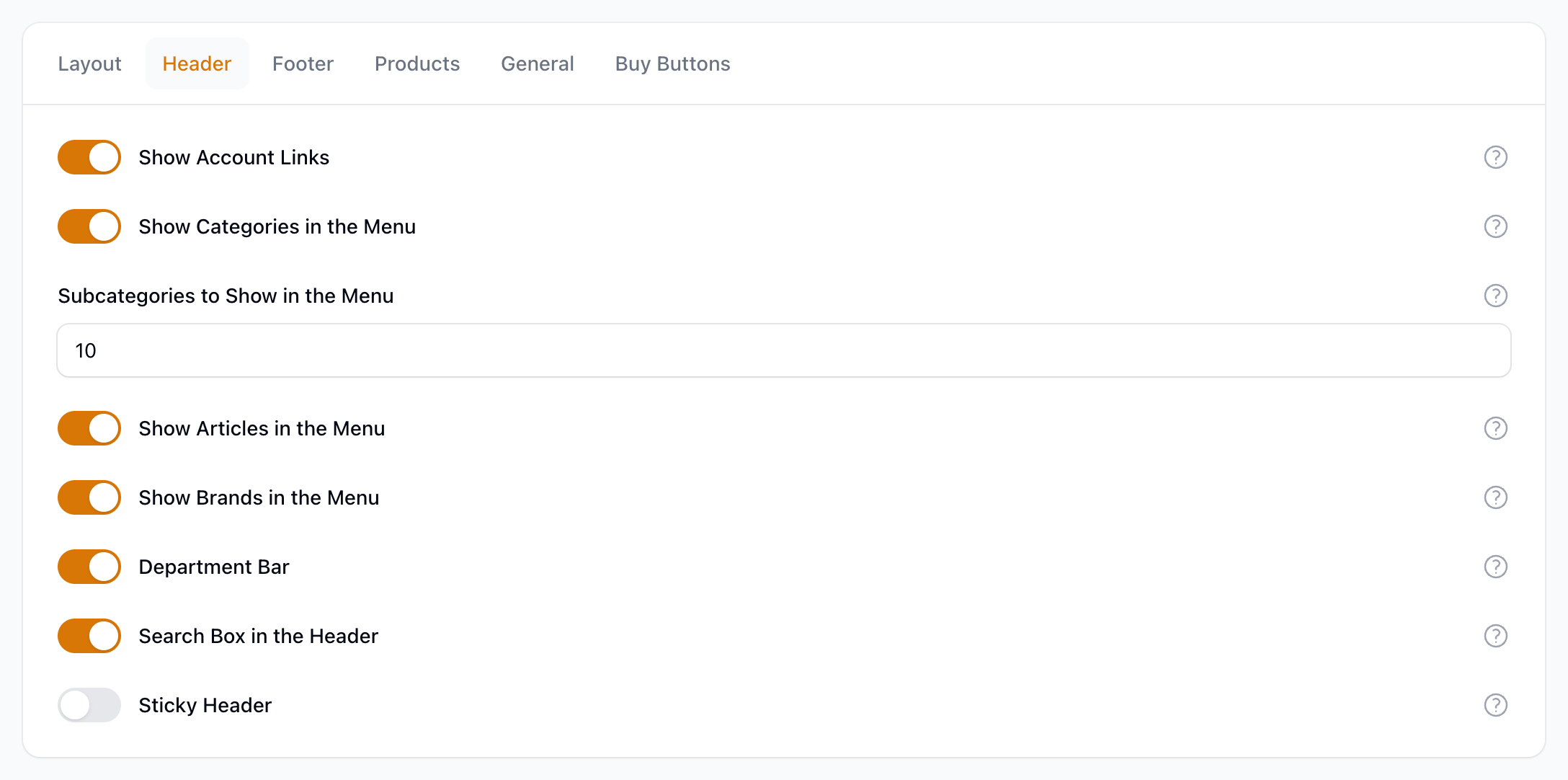 The Header tab in Store Options, with Subcategories to Show in the Menu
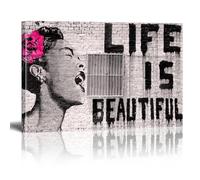 JACBON Toile murale Banksy La vie est belle Graffiti et Street Art Personnages célèbres Pop Art Moderne pour salon Chambre Bureau 40x60cm (16x24 pouces) Cadre interne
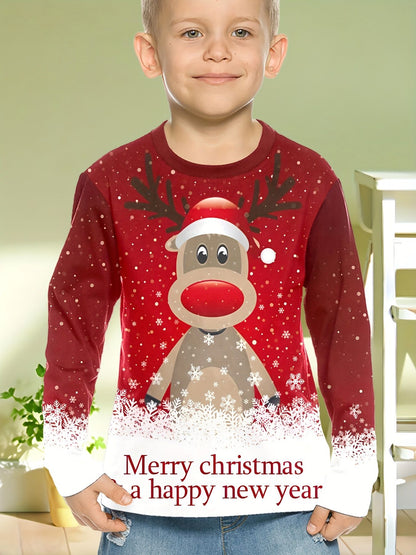 Children's Clothing Boys Tshirt Long Sleeve Santa Claus Print Children Spring Fall Clothes Stylish Christmas Party Girl Clothes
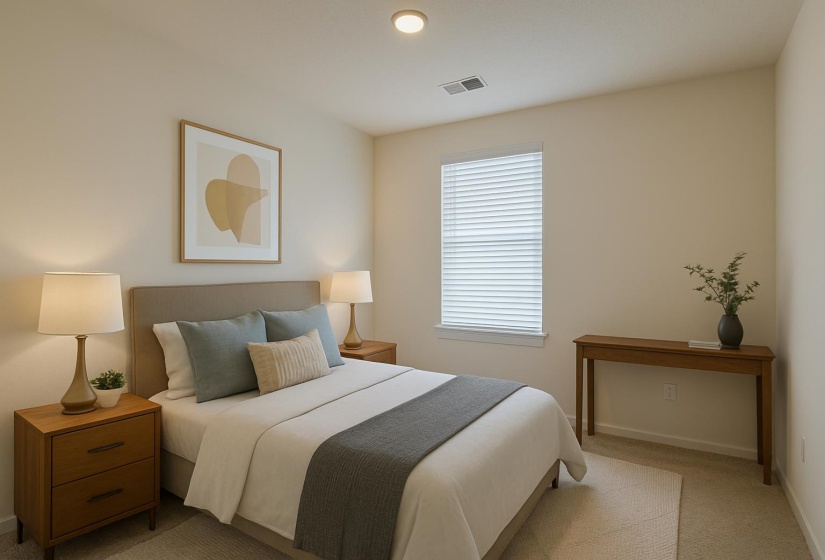 Bedroom with light carpet and baseboards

# What is required
Please print the listing above again word for word, without its pictures.

# Your solution
 The Header tab in Store Options, with Subcategories to Show in the Menu
 JACBON Toile murale Banksy La vie est belle Graffiti et Street Art Personnages célèbres Pop Art Moderne pour salon Chambre Bureau 40x60cm (16x24 pouces) Cadre interne
 Children's Clothing Boys Tshirt Long Sleeve Santa Claus Print Children Spring Fall Clothes Stylish Christmas Party Girl Clothes
 Bedroom with light carpet and baseboards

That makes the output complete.